Critique : Magnum force

Francis Moury | 22 juillet 2006
Francis Moury | 22 juillet 2006

Magnum Force (1973) de Ted Post est le second volet de la série Dirty Harry et aussi le second meilleur film de cette série. Sa puissance visuelle est souvent stupéfiante même si sa durée et son ampleur d'ensemble laissent parfois place à quelques baisses de régime dans la nervosité du récit. Mais visionnées une par une, ses meilleures séquences de violence graphique comptent aisément parmi les plus accomplies de toute l'histoire du « film noir » américain moderne. Le générique puis l'ouverture jusqu'au premier meurtre qui dédoublent le spectateur en acteur par procuration, l'impliquant visuellement par un effet de glissement contrôlé, n'ont pas perdu un pouce d'efficacité : on peut les revoir 100 fois et ils produisent à chaque fois leur effet maximum initial.

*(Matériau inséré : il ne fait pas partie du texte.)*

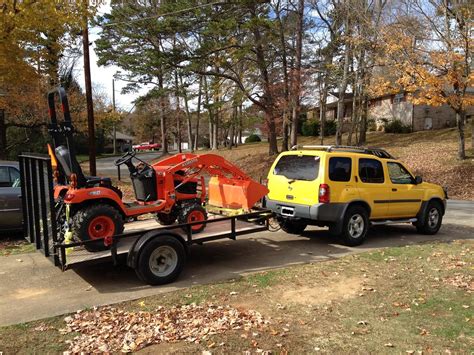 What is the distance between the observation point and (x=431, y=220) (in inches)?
399

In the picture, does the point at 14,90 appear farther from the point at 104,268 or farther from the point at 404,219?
the point at 404,219

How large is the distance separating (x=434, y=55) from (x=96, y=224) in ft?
53.7

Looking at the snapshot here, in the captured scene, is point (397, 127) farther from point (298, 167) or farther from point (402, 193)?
point (298, 167)

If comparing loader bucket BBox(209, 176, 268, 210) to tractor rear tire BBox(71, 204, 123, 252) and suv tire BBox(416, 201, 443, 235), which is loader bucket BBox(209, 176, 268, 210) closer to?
tractor rear tire BBox(71, 204, 123, 252)

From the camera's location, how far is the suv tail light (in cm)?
835

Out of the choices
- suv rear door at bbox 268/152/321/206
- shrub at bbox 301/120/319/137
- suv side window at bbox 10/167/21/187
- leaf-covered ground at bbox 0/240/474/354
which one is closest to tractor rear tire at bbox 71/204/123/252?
leaf-covered ground at bbox 0/240/474/354

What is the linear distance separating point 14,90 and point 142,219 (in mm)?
15002

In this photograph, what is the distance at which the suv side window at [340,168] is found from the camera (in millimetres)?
8562

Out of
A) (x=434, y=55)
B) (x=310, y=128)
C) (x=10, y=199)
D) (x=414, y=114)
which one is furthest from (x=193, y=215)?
(x=310, y=128)

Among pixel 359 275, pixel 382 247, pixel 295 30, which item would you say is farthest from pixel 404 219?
pixel 295 30

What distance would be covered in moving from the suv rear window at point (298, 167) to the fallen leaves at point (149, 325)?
397 centimetres

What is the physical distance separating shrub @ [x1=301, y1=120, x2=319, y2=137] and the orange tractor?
3591cm

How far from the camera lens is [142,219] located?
8.29 meters

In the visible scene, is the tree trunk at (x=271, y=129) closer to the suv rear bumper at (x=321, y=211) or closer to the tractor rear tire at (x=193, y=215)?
the suv rear bumper at (x=321, y=211) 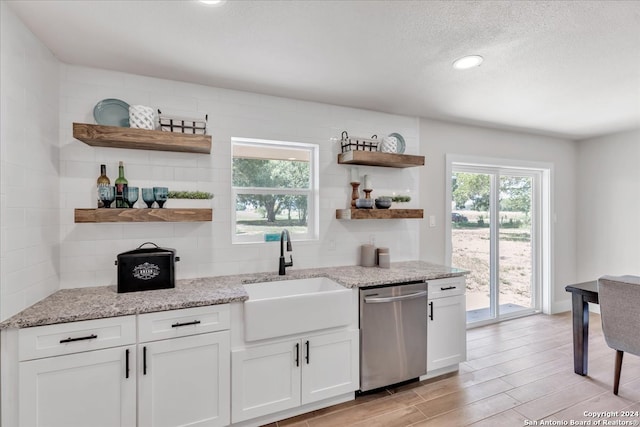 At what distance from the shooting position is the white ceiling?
1.63 meters

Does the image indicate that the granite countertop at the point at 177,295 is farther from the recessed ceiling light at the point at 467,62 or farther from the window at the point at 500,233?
the recessed ceiling light at the point at 467,62

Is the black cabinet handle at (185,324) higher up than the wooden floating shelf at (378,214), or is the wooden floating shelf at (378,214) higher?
the wooden floating shelf at (378,214)

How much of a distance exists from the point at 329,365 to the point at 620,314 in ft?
7.07

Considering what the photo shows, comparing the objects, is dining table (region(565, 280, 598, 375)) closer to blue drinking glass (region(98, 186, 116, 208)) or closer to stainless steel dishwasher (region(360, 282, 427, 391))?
stainless steel dishwasher (region(360, 282, 427, 391))

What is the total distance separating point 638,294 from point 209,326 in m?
2.89

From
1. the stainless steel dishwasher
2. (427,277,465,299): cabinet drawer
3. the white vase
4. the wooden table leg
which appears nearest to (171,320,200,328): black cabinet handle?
the stainless steel dishwasher

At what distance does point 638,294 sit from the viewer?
2.21m

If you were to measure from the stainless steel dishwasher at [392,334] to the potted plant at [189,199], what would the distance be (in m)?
1.39

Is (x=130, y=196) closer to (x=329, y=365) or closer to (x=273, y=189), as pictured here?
(x=273, y=189)

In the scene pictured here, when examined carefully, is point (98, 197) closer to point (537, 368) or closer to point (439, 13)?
point (439, 13)

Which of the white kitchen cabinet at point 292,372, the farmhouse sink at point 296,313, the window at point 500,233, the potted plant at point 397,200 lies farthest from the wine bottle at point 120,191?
the window at point 500,233

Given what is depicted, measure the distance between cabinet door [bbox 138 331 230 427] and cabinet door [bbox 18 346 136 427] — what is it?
7cm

Le défi principal du film était scénaristique. Le personnage de Callahan étant connu, John Milius prend le parti de renverser la donne. Harry trouve ici plus « pur et dur » que lui, et la réaction fondamentale qu'il incarnait dans le premier film de Siegel est cette fois-ci incarnée par un groupe, une collectivité issue du sein même de la police. Renversement dialectique novateur qui sera copié un nombre incalculable de fois mais dont Milius est bel et bien à l'origine, et que Ted Post sert admirablement. Sa mise en scène équilibre la folie et la terreur globale du script de Milius (Cimino, mentionné au générique à ses côtés, n'était qu'un « second couteau » dans son écriture : tout le mérite lui en revient d'abord) en y insérant certaines touches d'humour (la séquence de l'avion, la filature de la voiture des gangsters) ou d'intimisme (Harry s'intéresse aux femmes et elles s'intéressent à lui) mais pour le reste, Magnum Force est trempé dans l'acier le plus pur et le plus acéré.
Milius s'est inspiré de ce qui se passait effectivement en Amérique latine notamment au Brésil qui venait de s'illustrer en étant à l'origine du vocable « escadron de la mort » désignant un groupe policier ou paramilitaire menant des exécutions sommaires parallèlement à l'activité (ou inactivité) de la justice et aussi de certains policiers qu'il connaissait personnellement : son script est puissant parce qu'il exprime une réalité qui était d'actualité pour les spectateurs informés de 1973. Ce qui le rendait d'autant plus efficace. Son idée ne tombait nullement du ciel. D'ailleurs, cerner géographiquement l'origine immédiate des faits est intéressant historiquement mais, si on s'y intéresse de près, on constate qu'encore aujourd'hui, les pays où de telles pratiques n'existent pas sont plutôt l'exception que la règle. Magnum Force est joué et rejoué pour de bon dans la majorité des pays du monde depuis 1973, et non pas dans une minorité comme on peut le penser lorsqu'on est assis dans son salon pour le visionner. C'est un constat qu'il est assez simple de vérifier. Comme tout grand scénariste, Milius a l'art de magnifier les postures empruntées à la réalité et de les organiser intelligemment en les mythifiant, en les épurant pour les rendre signifiantes et belles. Post a de son côté l'art de les rendre charnelles, humaines et vraies par le choix du casting et sa manière de le filmer.
Les différentes rencontres de Harry avec l'escadron comme unité mentale sont graduées en fonction de son degré d'ignorance d'abord, de connaissance ensuite, de choix moral enfin. Elles sont graduées par les dialogues et les attitudes comme par le type de lumière et de cadrage choisis. Post avait la volonté de faire ressortir ce phénomène que ne cessent d'étudier les sociologues comme les psychologues : la constitution d'une âme collective vampirisant l'individualité, sacrifiant les moyens aux fins à atteindre, sacrifiant au besoin ses propres membres. La scène du parking où Harry est mis en demeure de se positionner « pour eux ou contre eux » est à cet égard l'une des plus impressionnantes du film par sa beauté plastique. Magnum Force est une réponse directe à ceux qui pensaient que Harry allait trop loin et le réconcilie relativement avec son environnement institutionnel et social.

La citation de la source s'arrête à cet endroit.